Still, some differences exist between the S/36 RPG II and the i5 version of RPG II. This section lists the differences between the implementations.
Files that have more than one record type are typical of S/36 applications. Despite the fact that DB2/400 doesnt allow different record types in a single physical file, the S/36E can process such files, because migrated files in the S/36E have no external definitions to describes the fields in detail.
There are two ways to convert multiple record type files to native format:
Create a separate physical file for each record type. Describe in full all the fields contained in the record.
Create a multiformat logical file that sits on top of all the separate physical files. Your RPG programs then can process this logical file as if it were a file that has multiple record types.
For more information on this topic, refer to Chapter 22.

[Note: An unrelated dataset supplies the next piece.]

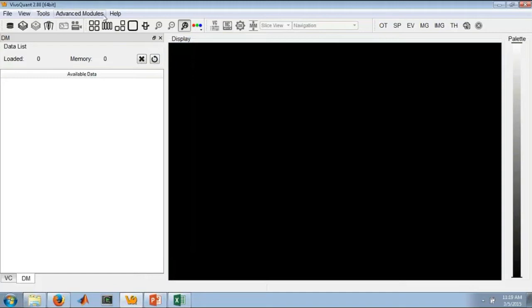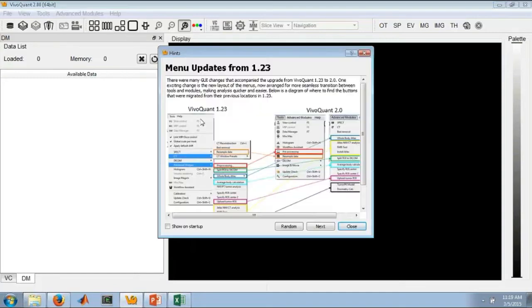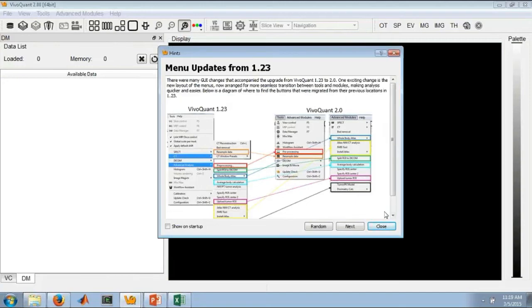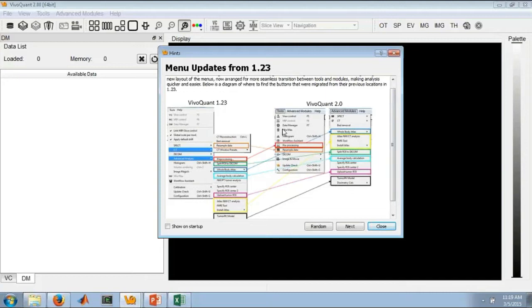One thing I will point out in the hints, we have a brand new hint. If you're not familiar with the hints, I definitely recommend you check them out. In here we have a quick dialogue that shows where the old buttons were located in the Tools menu and where they're located now in the new VivoQuant 2.0 layout. We like to think that the new layout is more intuitive and more workflow-based so that you can more quickly navigate.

The AS/400 version of RPG II supports all the opcodes used in native RPG/400 to call other programs. Therefore, RPG II programs can use any or all of the following operation codes:
CALL. Starts executing the program named in Factor 2. The name can be contained in a character literal or variable.
PLIST. Marks the beginning of a list of parameters. When Factor 1 has the value *ENTRY, it signals the entry point to a program when another program calls it.
PARM. PARM follows either CALL or PLIST. Each PARM operation describes one parameter.
FREE. If program A calls program B, program A can remove program B from memory using the FREE operation. Next time it calls B, B must be reloaded from disk.
RETRN. Marks a point from which a program returns control to its caller.